Dès longtemps Dieu prend plaisir à ce que tu fais. En te privant de ces joies, par une résolution que t’aurait inspirée le désespoir, tu passerais à côté de la volonté divine.
Qu’en tout temps… et non pas seulement dans les jours de fête.
Tes vêtements soient blancs : en signe de joie et de sérénité (Horace, Satyres, II, 2, 59-61). Quel défi jeté aux tristesses de la vie ! Comparez 2 Samuel 12.20.
Que l’huile ne manque point… Voir Psaumes 23.5 et, dans Psaumes 45.8, l’expression huile de joie.
Nous voici bien loin de Ecclésiaste 7.28. Les mots que tu aimes expliquent cette contradiction.
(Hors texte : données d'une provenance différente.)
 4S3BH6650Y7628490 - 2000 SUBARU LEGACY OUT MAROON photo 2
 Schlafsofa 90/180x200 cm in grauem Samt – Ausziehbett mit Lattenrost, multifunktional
Toute ta vie de vanité. Nulle part autant qu’ici l’Ecclésiaste n’insiste sur la vanité de la vie.
Dans le labeur. Comparez Ecclésiaste 2.10 ; Ecclésiaste 3.22 ; Ecclésiaste 5.18. Ce que l’Ecclésiaste recommande n’est donc point une vie oisive. Voir aussi début du verset 10. Pas plus que les tristesses (versets 4 à 8), les joies de l’existence ne doivent paralyser le sage.
Comparez Jean 9.4.
Retour à la pensée de la dépendance de l’homme (verset 1), mais avec l’intention de prouver par des exemples et des comparaisons ce qui a été dit au commencement du morceau. Sur l’expression : Je me remis à considérer, voir Ecclésiaste 4.4, note. L’Ecclésiaste vient de faire appel à l’énergie de l’homme (verset 10). Que personne, ajoute-t-il maintenant, ne s’imagine pourtant qu’en appliquant toutes ses forces à ce qu’on fait, on soit certain de réussir ! Quelque vaillant et habile qu’on puisse être, on n’est point assuré du succès.
Ni la guerre, la victoire, ni la faveur, la vogue, l’influence qu’on exerce en se faisant aimer.
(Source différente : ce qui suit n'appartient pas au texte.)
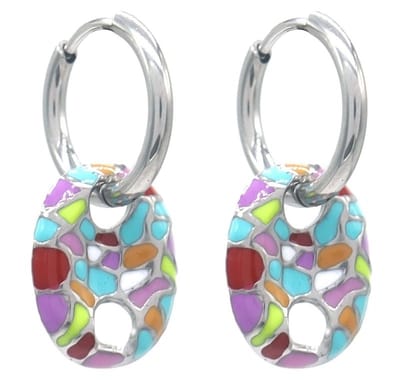 Roestvrij Stalen Oorbellen met hanger - Multi Color - Vrolijk - Abstract - Mode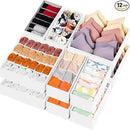 12 Pack Drawer Organizers for Clothing, 116 Large Compartments Fabric Dresser Closet Organizers and Storage Bins for Baby Clothing, Women Men Underwear Socks, Bra, Ties, College Dorm Room Essentials by CozyNest Decor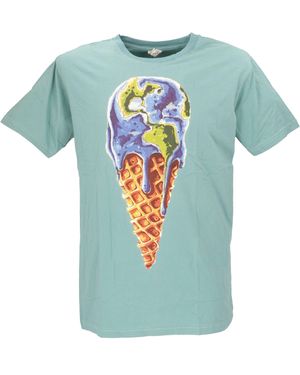 Guru-Shop -, Tree save earth T-Shirt - Ice/aqua Retro - Blau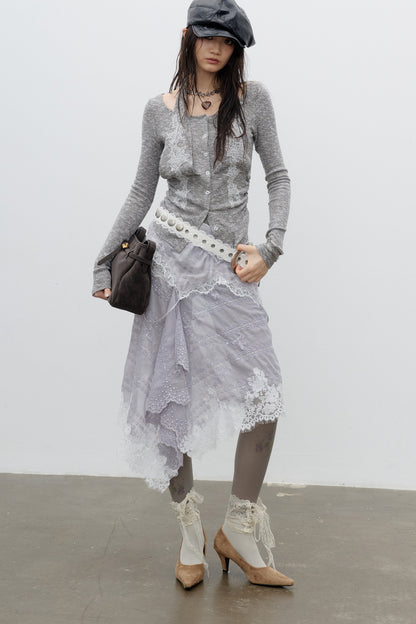 Lace Applique Knitted Halter T-Shirt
Car tous dépendent du temps et des circonstances, littéralement : Car temps et coup les rencontrent tous, c’est-à-dire : les coups qui surviennent en leur temps (Ecclésiaste 3.1-8) frappent indistinctement bons et mauvais. Il faut travailler et, au besoin, courir, mais sans oublier Romains 9.16.
Son heure, l’heure suprême (Ecclésiaste 7.17 ; Jean 12.27). Ce verset prouve le précédent : du moment que nous ignorons l’heure de notre mort, à plus forte raison Dieu nous laisse-t-il dans l’ignorance des événements moins importants dont se compose notre vie.
Si les prévisions de l’homme sont souvent déjouées, ce n’est cependant pas une raison pour mépriser la sagesse. Elle a bien son prix, alors même qu’elle est souvent payée d’ingratitude.
Qui m’a paru frappant, littéralement : Cette sagesse a été grande pour moi. Voir dans Jonas 3.3 une tournure analogue : ville grande pour Dieu.
Cet exemple est cité d’une manière si vivante, qu’on pourrait, mais à tort, pensons-nous, le prendre pour une allusion à un fait historique.
De grands ouvrages, littéralement : de grands filets (Ecclésiaste 7.26), des travaux ayant pour but d’empêcher la population de la ville de s’échapper et les vivres d’y entrer.
Cette remarque est un retour de l’auteur à l’idée, qui du reste n’est absente d’aucune page de l’Ecclésiaste, de la vanité de toute chose.
Qui était pauvre. Un trait de satyre en passant : on est particulièrement ingrat envers les bienfaiteurs pauvres.
La sagesse est utile, plus utile que la force (Ecclésiaste 7.19 ; Proverbes 16.32 ; Proverbes 21.22 ; Proverbes 24.5) ; mais, sans la richesse, elle fait souvent triste figure dans le monde. Ce n’est que la détresse qui a engagé les habitants de cette ville à passer par-dessus l’humble condition de ce sage.
Ne sont pas écoutées, le plus souvent.
Et cependant, si l’on écoutait sans idées préconçues, sans préventions, on discernerait souvent bien plus de fond dans les paroles du sage que dans les déclamations de cet orateur bruyant, qui ne domine parmi les insensés que parce qu’il est insensé lui-même.
Que les engins de guerre, littéralement : que les armes d’approche, ou les instruments de mêlée.